Don't expect a Chicago or New York style pizza or super-sized deli sandwiches. Enjoy the authentic thin pizza (try one al tonno con cippolle!!) and don't expect to find tins of Kraft pseudo-mozzarella on the table. Instead ask for olive oil (regular/normale and picante) and pour some on your pizza...YUM! Enjoy some rissotto al funghi (and maybe with oso buco or coniglio) and for sure ask for the parmigiano for the risotto and also be sure to have some gnocchi (al burro or bolgnese or con pomodoro). The seafood there is great but be prepared to see eyeballs and snake looking things...a fritta mista (all sorts of shrimp, calimari, mussels, fish fried up togther) is GREAT and common in that part of Italy.
I have a friend that rents his beautiful home up on the mountainside on Lake Como if you are interested, too. He lives in LA with his family and built this thing a couple years ago.
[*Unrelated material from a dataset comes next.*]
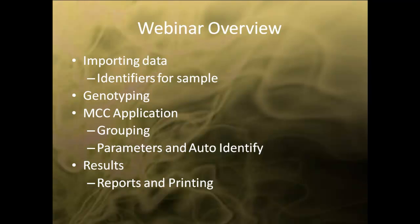We will first discuss how to import data into ChimerMarker to complete the initial genotyping analysis. After genotyping, we can access the integrated MCC module from ChimerMarker main analysis window to complete groupings of patient files and set the parameters. Finally, we will review the MCC quantification and allele identification in results window. The report can be either saved or printed directly from this window.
Has EVERYTHING you'd need and is amazingly beautiful and surrounded by cool things to do...also only 15 minutes south of the Swiss border.
As others have said, stay away from larger cities like Genoa. Milan is a nightmare and, sorry to you Milanese out there, it's kinda ugly. The Duomo there in Milan is very cool but not worth the hassle. Florence is very cool but can be crowded and be prepared for your wife to have her butt pinched...not kidding at all.
Lucca, Portofino, all up and down the Cinque Terre, Como, Belaggio, along the Ventimiglia west of Genoa is beautiful and easy to find little places on the sea in Bordighera (half hour from Monte Carlo and Nice) and Sanremo. If you want to go the other direction (east toward Venice and then Austria) the Dolomites are, in my opinion, the most spectacular mountains in Europe (but, again, don't go too late or else too cold).
I could go on and on. PM me if you'd like to contact my buddy in LA for his home in Como or if you just want some more pointers. My wife, kids and I speak Italian (them fluently, me proficient) too so if you find yourself in a bind we can help. There are a few other TGPers from northern Italy too and I am sure they'd help.
03-02-2011, 09:44 AM
We went at the end of July and beginning of August and stayed in a small village called Frasini...about 20 minutes from Sienna and Masa Maritima...we ended up driving to the beach in Follonica the last week in July...I would recommend staying close to the beach if possible...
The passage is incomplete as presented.